= EXERCISE OBJECTIVE =
The output is a word-for-word repeat of the listing below, free of images.

= SOURCE MATERIAL =
**********

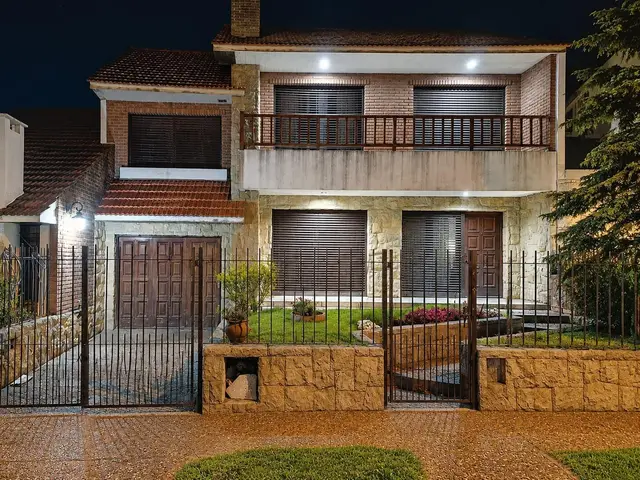 Casa de 6 ambientes en venta en PUNTA MOGOTES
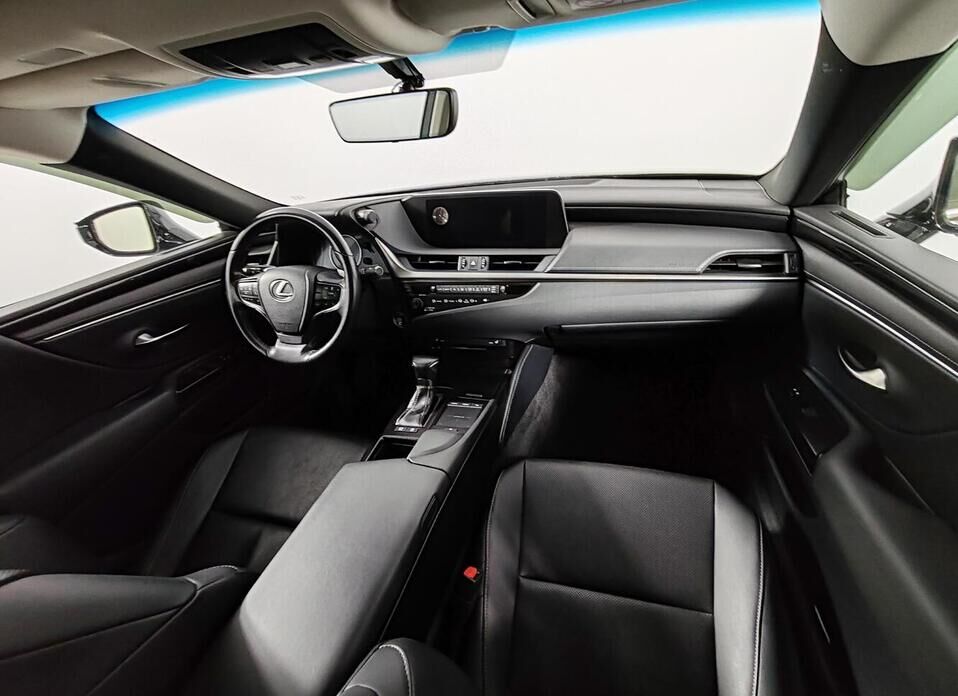 Lexus ES 250 2.5 AT (200 л.с.)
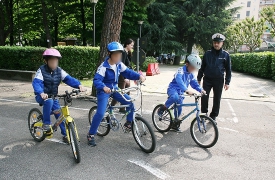 Bimbi a scuola di educazione stradale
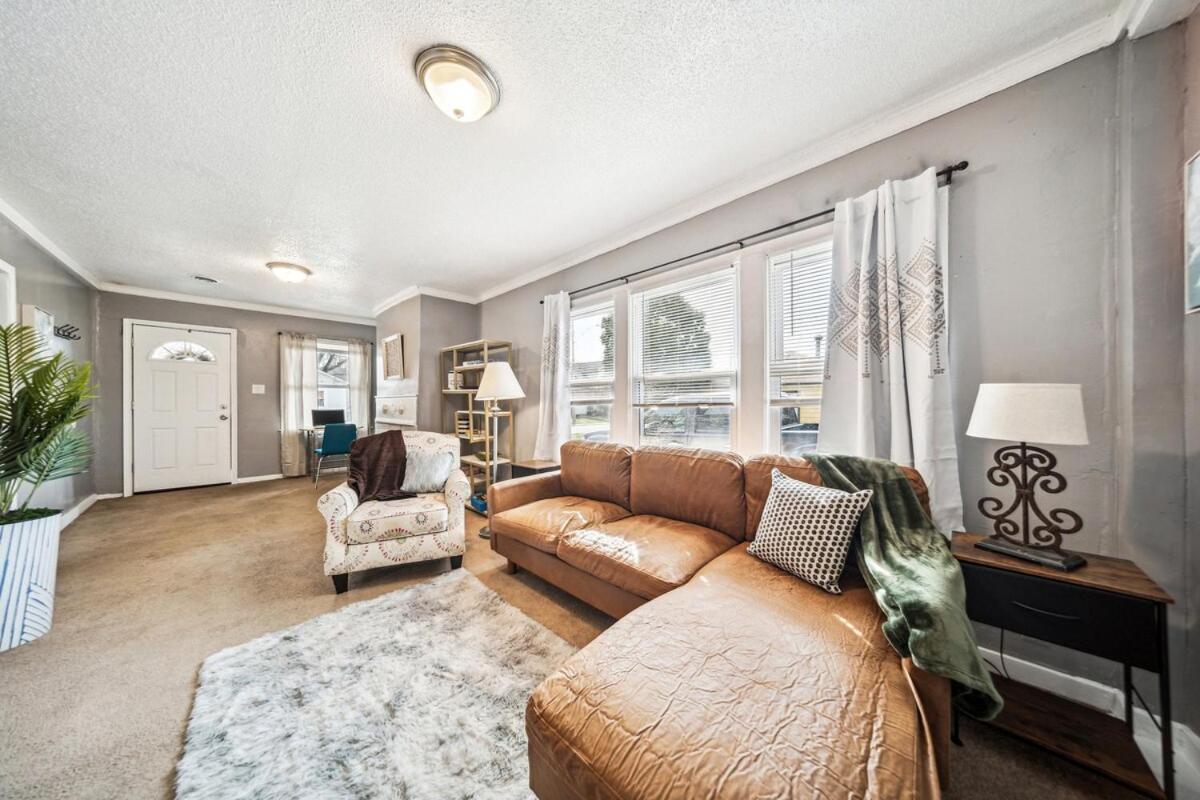 3 Bedroom 1 Bath In *
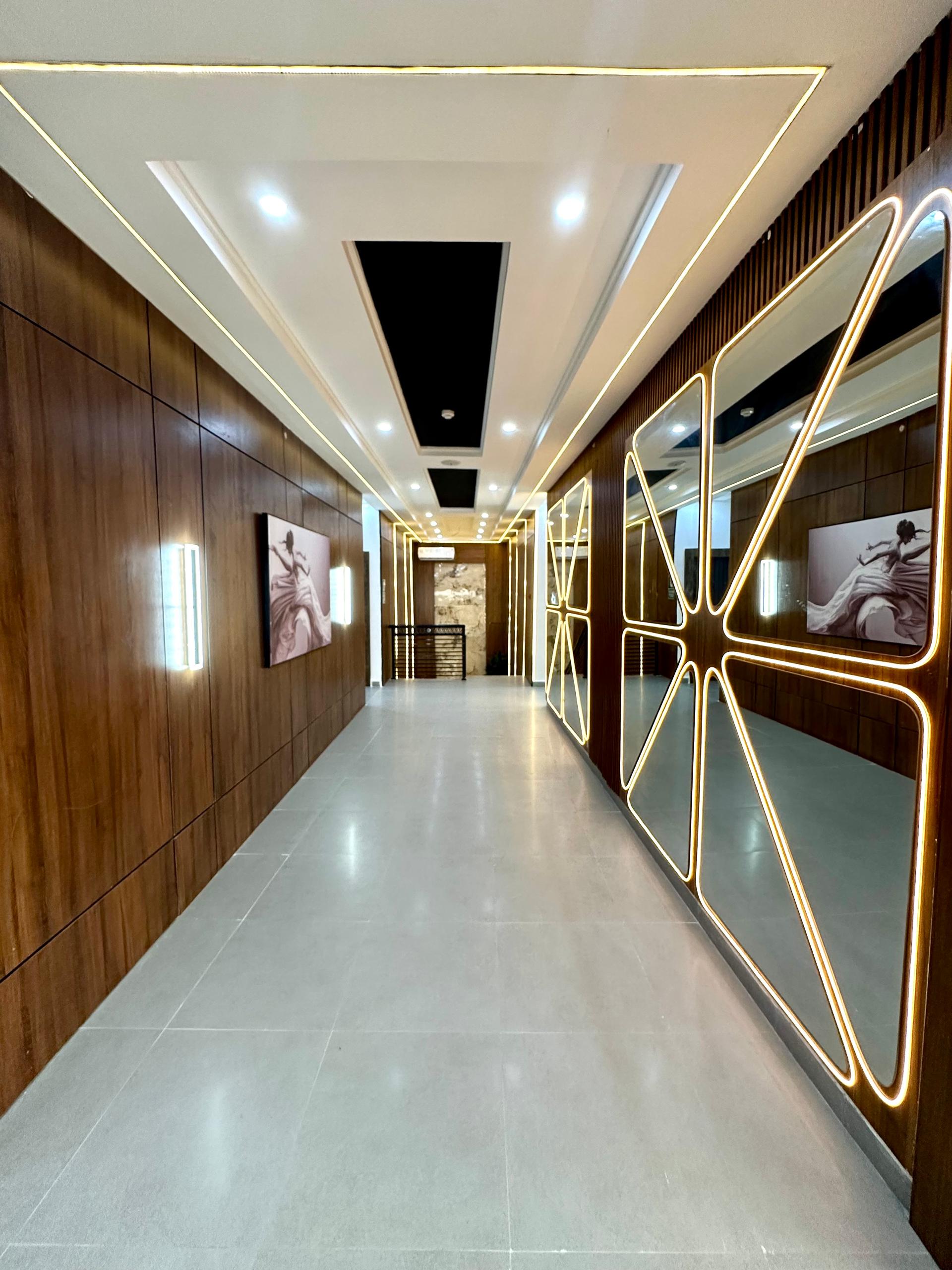Gritty Palace Hotel & Suites, 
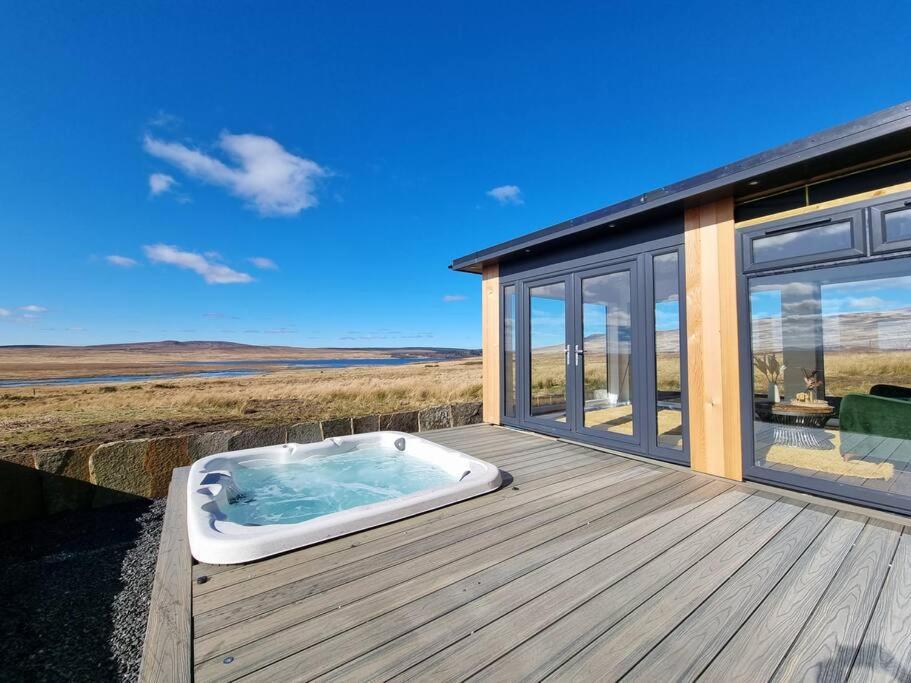 Torran Cottage - Views, Exclusivity & Tranquility Halkirk المظهر الخارجي الصورة
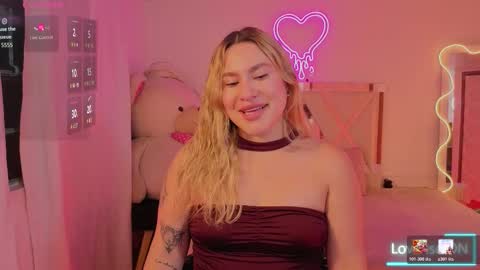 Snapshot of saaya_tay chatting on February 7, 3:32 am saaya_tay online show from February 7, 3:32 am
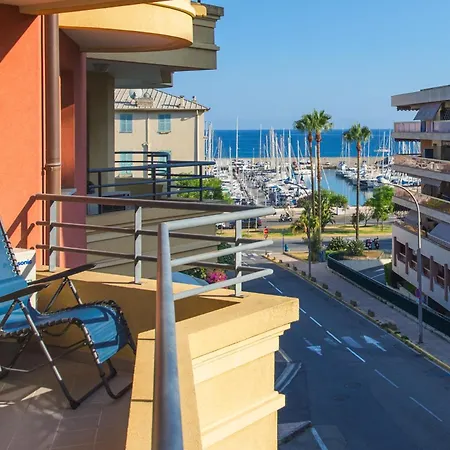 Appartement Cocon Vu Sur Le Port De Menton
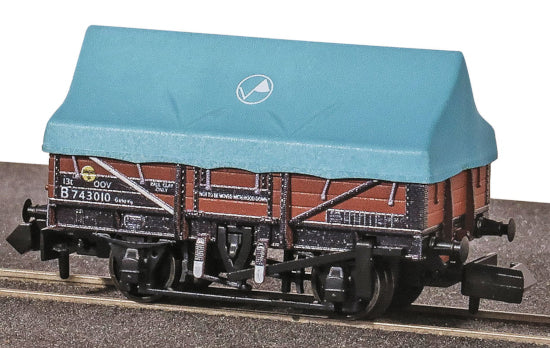 NR1202B - PECO - N - China Clay Hood Wagon - OOV B743010 Bauxite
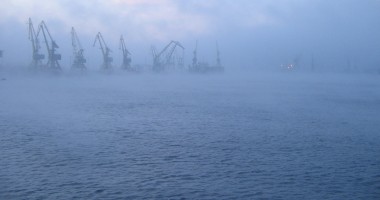 Ceaţa suspendă iarăşi manevrele în porturile româneşti de la Marea Neagră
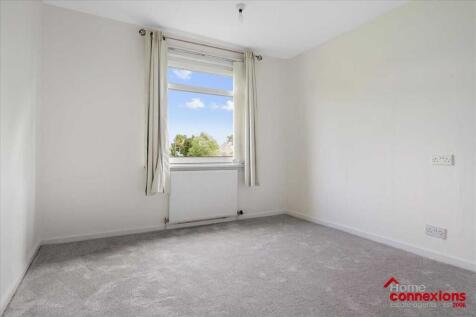 Bedroom Two (1)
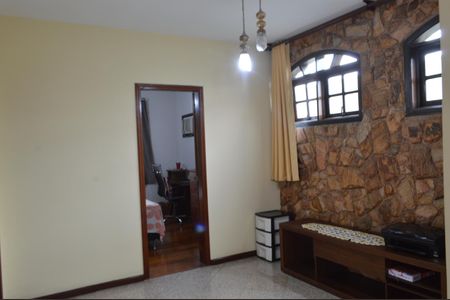 Casa à venda com 219m², 3 quartos e 3 vagas Casa à venda com 219m², 3 quartos e 3 vagasSala 2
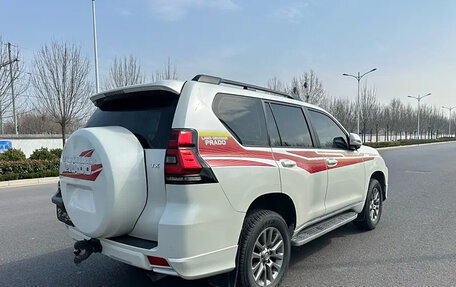 Toyota Land Cruiser Prado 150 рестайлинг 2, 2020 год, 5 300 000 рублей, 6 фотография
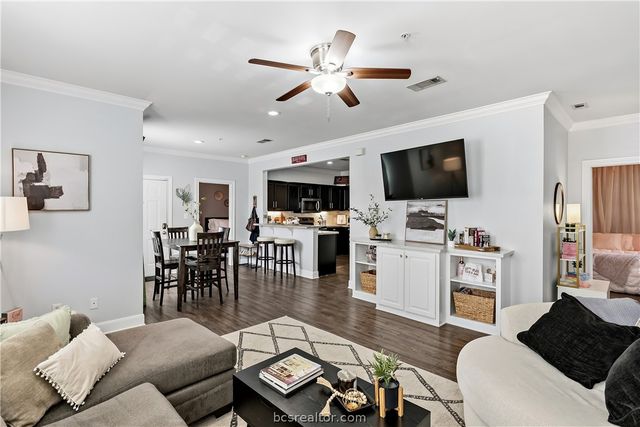 801 Luther Street W 1402, College Station, TX 77840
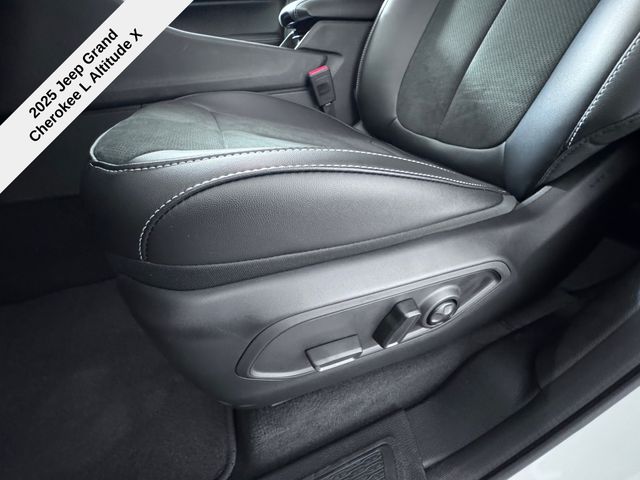 2025 Jeep Grand Cherokee Altitude X photo 35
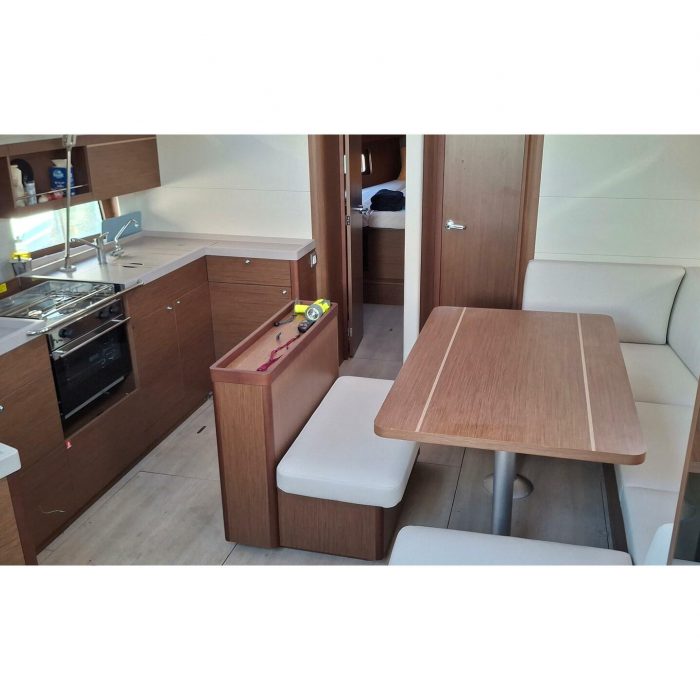Premium | Oceanis 46.1 photo 7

**********

= EXERCISE ANSWER =
 Casa de 6 ambientes en venta en PUNTA MOGOTES
 Lexus ES 250 2.5 AT (200 л.с.)
 Bimbi a scuola di educazione stradale
 3 Bedroom 1 Bath In *
Gritty Palace Hotel & Suites, 
 Torran Cottage - Views, Exclusivity & Tranquility Halkirk المظهر الخارجي الصورة
 Snapshot of saaya_tay chatting on February 7, 3:32 am saaya_tay online show from February 7, 3:32 am
 Appartement Cocon Vu Sur Le Port De Menton
 NR1202B - PECO - N - China Clay Hood Wagon - OOV B743010 Bauxite
 Ceaţa suspendă iarăşi manevrele în porturile româneşti de la Marea Neagră
 Bedroom Two (1)
 Casa à venda com 219m², 3 quartos e 3 vagas Casa à venda com 219m², 3 quartos e 3 vagasSala 2
 Toyota Land Cruiser Prado 150 рестайлинг 2, 2020 год, 5 300 000 рублей, 6 фотография
 801 Luther Street W 1402, College Station, TX 77840
 2025 Jeep Grand Cherokee Altitude X photo 35
Premium | Oceanis 46.1 photo 7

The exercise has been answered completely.